This doesn't seem to be an established route in RMNP, and it really is only a slight variation of the Tyndall Glacier route, but I doubt I'm the only one who has ever climbed this, and I want to present it as an option for those who want some snow and rock on the same outing.
If you're in good shape, this also makes a solid half-day foray. I had to catch a late-afternoon flight home but wanted something more than a hike that I could complete by noon at the latest. By climbing the route described here and descending via the Flattop Mountain Trail, I was able to complete the whole thing before 11 with a 6 A.M. start.
You'll want to start that early (or earlier) in any event because storms move in quickly here and more than half the route is at or above timberline.
This route involves Class 4 rock, and snow up to 50 degrees.
Hallett Peak and Flattop Mountain, with the Tyndall Glacier Rock Variation
Enter Rocky Mountain National Park on the east side and drive Bear Lake Road to its end. Go very early if you want to get a parking spot; otherwise, use the free shuttle system.
Tyndall Glacier-- Rock Variation
One-way distance is around 4 miles, with about 3300' of elevation gain. Expect moderate to steep snow and loose, Class 4 rock.
Hike the scenic 1.8-mile trail to Emerald Lake. Early in the morning, this is a quiet, inspiring hike. After continental breakfast ends at most hotels, this hike becomes an exercise in pondering the morality of government-imposed birth control.
From the slabs overlooking the lake, look left and notice a use trail heading up. Take this trail and then start working west up the gorge, below the impressive north face of Hallett and well above the south shore of Emerald Lake. (You can also stay lower and go straight up via the drainage, but it's my understanding that this is harder).
North Face of Hallett Peak
Although two very popular trails, both of which have views up the gorge or down into it, are close by, there is a nice wilderness feel as you ascend the gorge since only a relative few enter it.
The earlier in the summer it is, the more likely it is you will have to cross snowfields. None I crossed were steep, but an axe was still useful. I never felt the urge to put on my crampons.
In Tyndall Gorge
Your next significant landmark is a tarn fed by glacial meltwater.
Tarn Below Tyndall Glacier
From the tarn, scramble up to the glacier's terminal moraine and then to the glacier itself.
Now notice a rock "island" to your left amid the steepest side of the glacier, where the snow can get from 55-60 degrees. How much of this rock island is exposed will obviously vary according to the year.
Tyndall Glacier and the island
Ascend to the base of the island and look around for the easiest way onto it.
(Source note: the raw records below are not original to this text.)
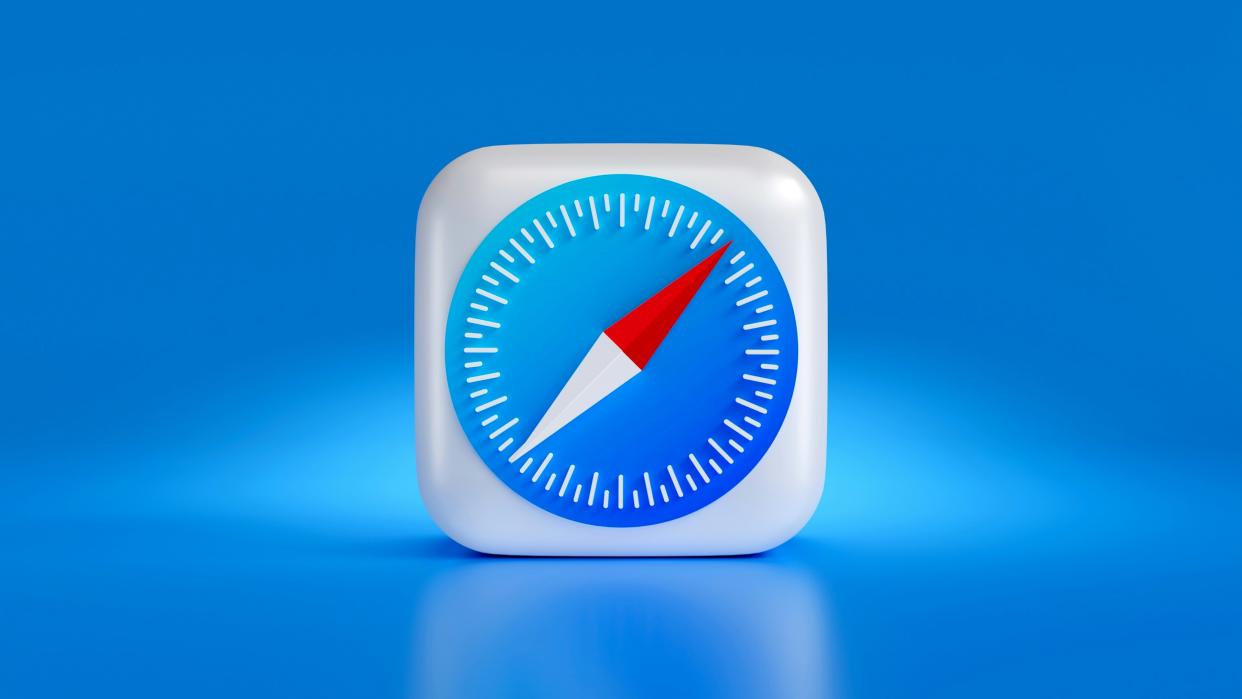  Apple Safari logo on a blue background. 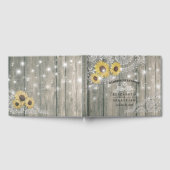 Wood Sunflower Lace String Light Wedding Guestbook Gastenboek (Volledig)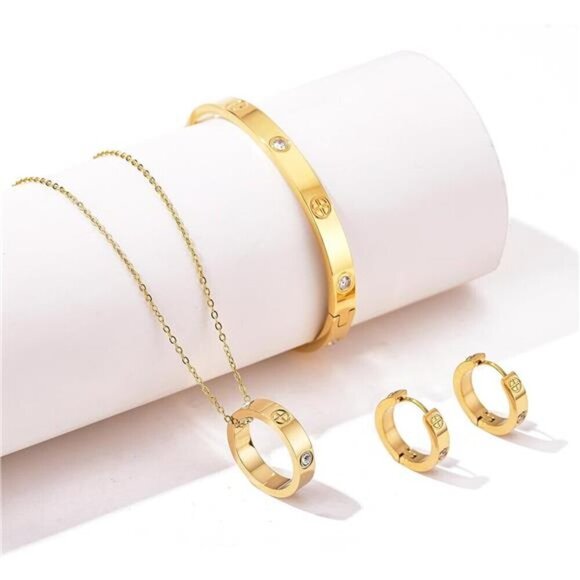 Gold-Tone Screw Design Jewelry Set – Necklace, Earrings & Bangle Bracelet - Picture 2 of 5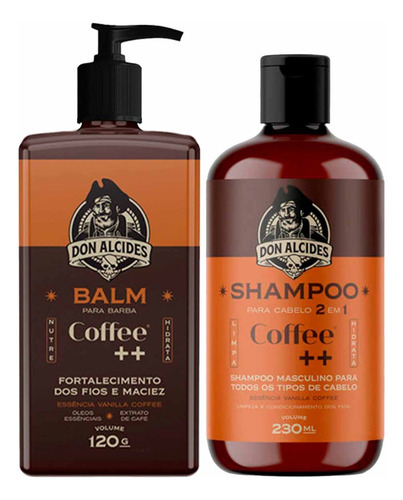 Kit Balm Para Barba E Shampoo Para Cabelo Coffee Don Alcides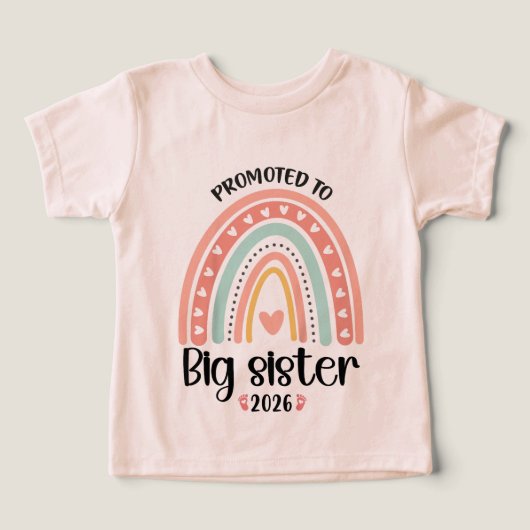 Benoemd tot grote zus 2026 Peuters meisjes (Design voorkant)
Because a moat will probably be surrounding the base, this isn't as easy as it looks from below. Once on the rock, scramble up the path of least resistance. Lower, I found the rock looser and more difficult-- call it Class 4 on some pretty rotten stuff. Higher, the rock is more stable and there is less difficulty and exposure.
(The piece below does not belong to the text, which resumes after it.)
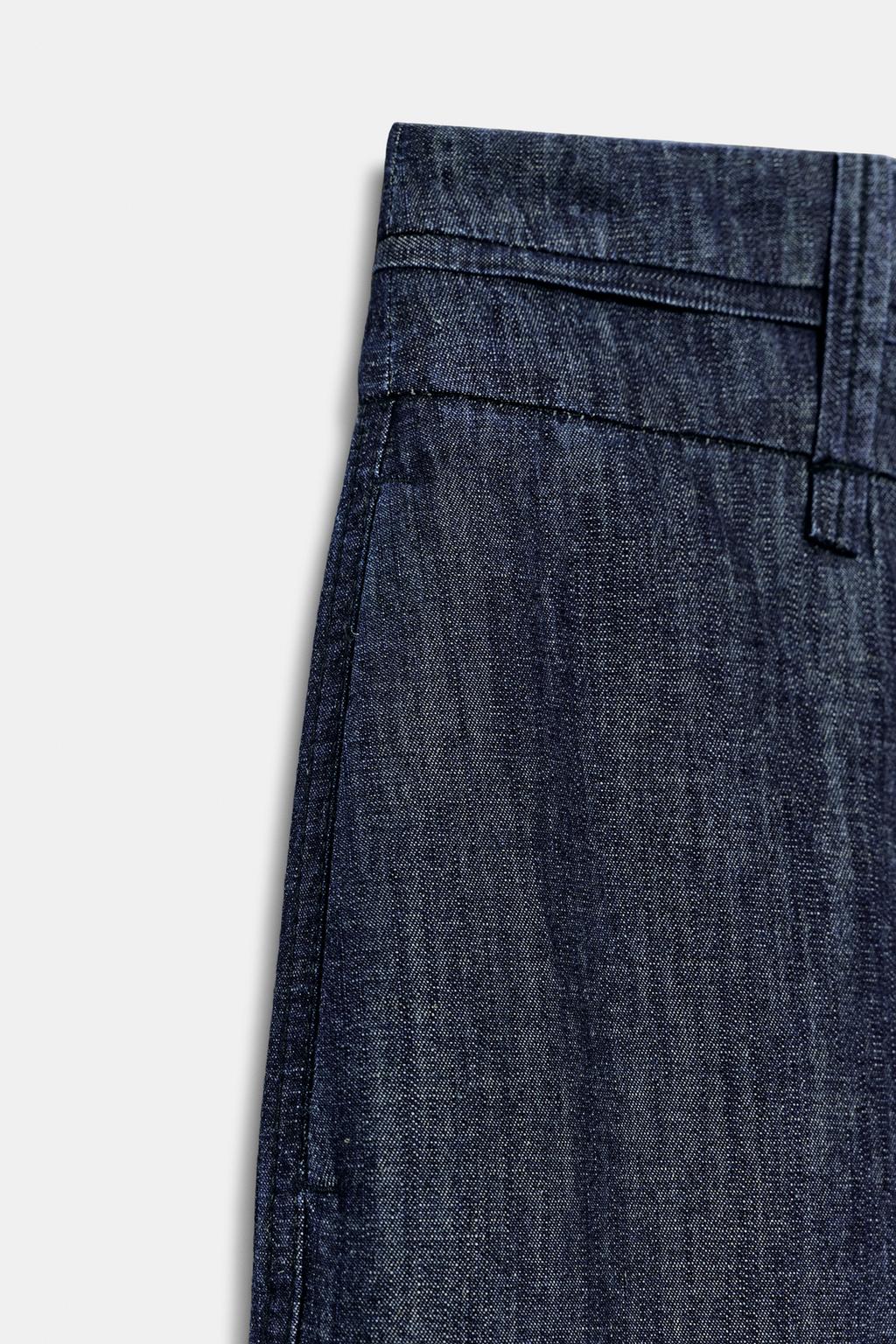 ШИРОКИЕ БРЮКИ ИЗ СМЕСОВОГО ЛЬНА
Eventually, the island gives way to the "sea" again. You can climb straight up the snow (steep) or, if conditions are right, traverse right and slightly up to another, smaller island. This section, too, is steep, and you will want crampons in addition to your axe. Here, the snow is steep enough for self-arrest to possibly be difficult and the fall is long enough to be bad news.
If you do the latter, climb straight up the snow afterward and then pick up the cairned route for the final short distance to the summit. Or traverse right once again to talus slopes that lead to the cairned trail.
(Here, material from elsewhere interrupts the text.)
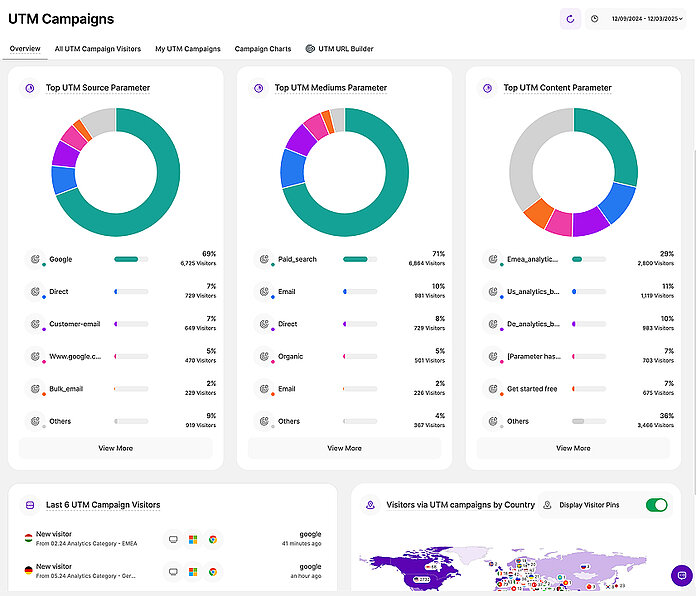 UTM campaigns - TWIPLA Website Intelligence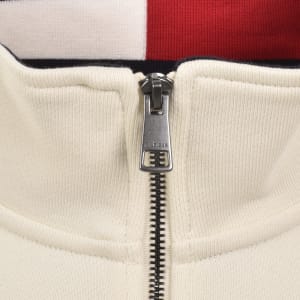 Image number 4 for Tommy Hilfiger Flag Quarter Zip Sweatshirt Cream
Try to hide the grin if you startle some hikers on their way over from Flattop Mountain.
To descend, hike to Flattop Mountain and take the trail all the way back. There are a lot of nice views along the way, but expect plenty of company.
Hallett Peak and the Coming Storm
If you want a little more quiet on the return, return to Tyndall Glacier and glissade down and then clamber back to Emerald Lake. However, the trail back from there is likely to be even more crowded than the Flattop Mountain Trail, though it is shorter and not as steep. If you're going to do this, look for the sign pictured below and glissade from below it or from somewhere to the left; the grade becomes less steep the more to the left you go.